Blandford1969 wrote:Once again my thanks to Robin, hopefully in time more photos will emerge particularly of the SM house, garden and buildings on the Gloucester platform, but I suspect this may now take much more time and effort.
The local BBC weather news this evening said that today was the wettest day in Bristol this year!!! The dog has just about dried out now!

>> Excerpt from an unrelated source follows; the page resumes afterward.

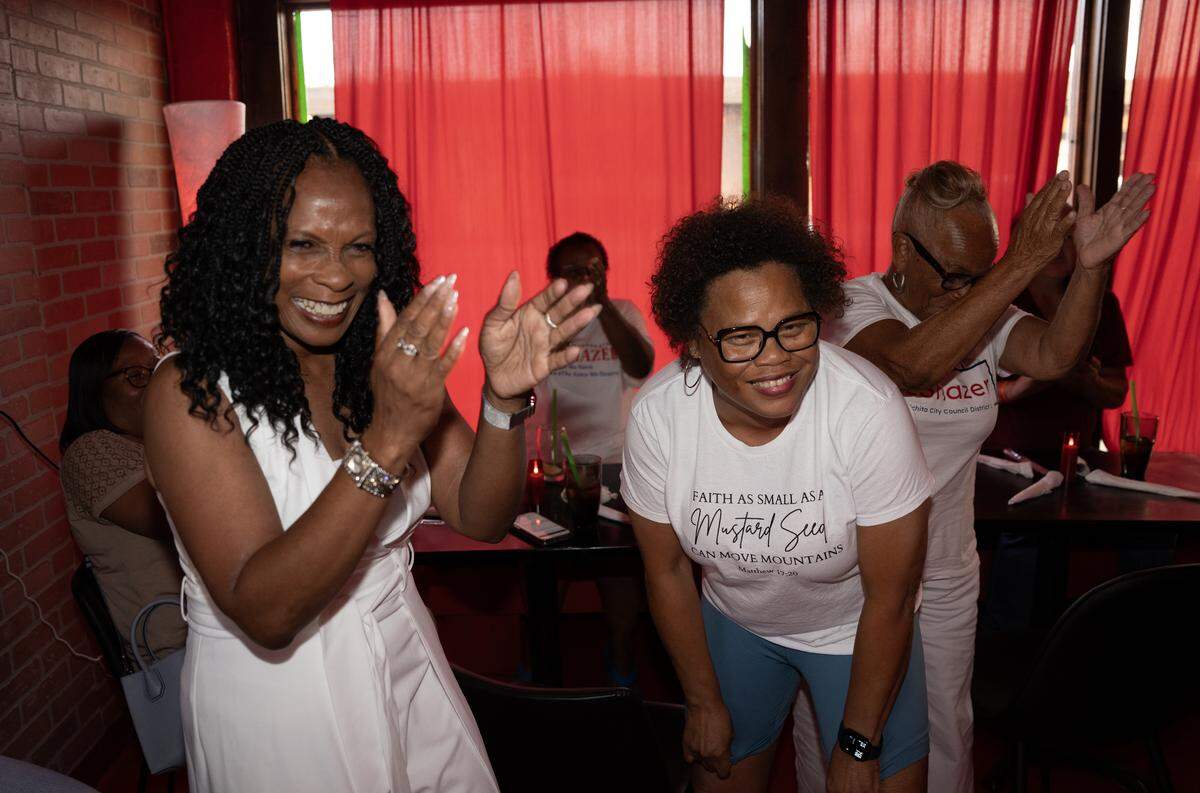 LaWanda DeShazer reacts to finding out she is one of the top two candidates to move on to the general election. She held a gathering at Love & Co Kitchen and Cocktails.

Anyway, back to the plot. The only building on the up main platform was a timber waiting shelter, of the same design as the one on the Bath platform 4, which can just be seen on one of your photographs
http://www.flickr.com/photos/29644579@N ... 93786@N23/ . It was a narrow structure sitting between the roof supports. The one on the up main may have been a bit longer, and can just about be seen here:
http://bristol-rail.co.uk/wiki/File:Mangotsfield5.jpg
The latter photograph also shows that this platform was an island of much the same design as the Bath platform, although in that case the southern face (no.5), disused as a passenger platform since 1941, was a bay. The northern face of the up main platform was not numbered as a platform and, whilst it may have been used years ago as a passing loop for stopping trains to get out of the way of an express, by the time I started using the station it was usually full of parcels vans.
The north east end ramp was exactly opposite the ramp on the down main. This had to be the case because there was a footpath that crossed the line at right angles.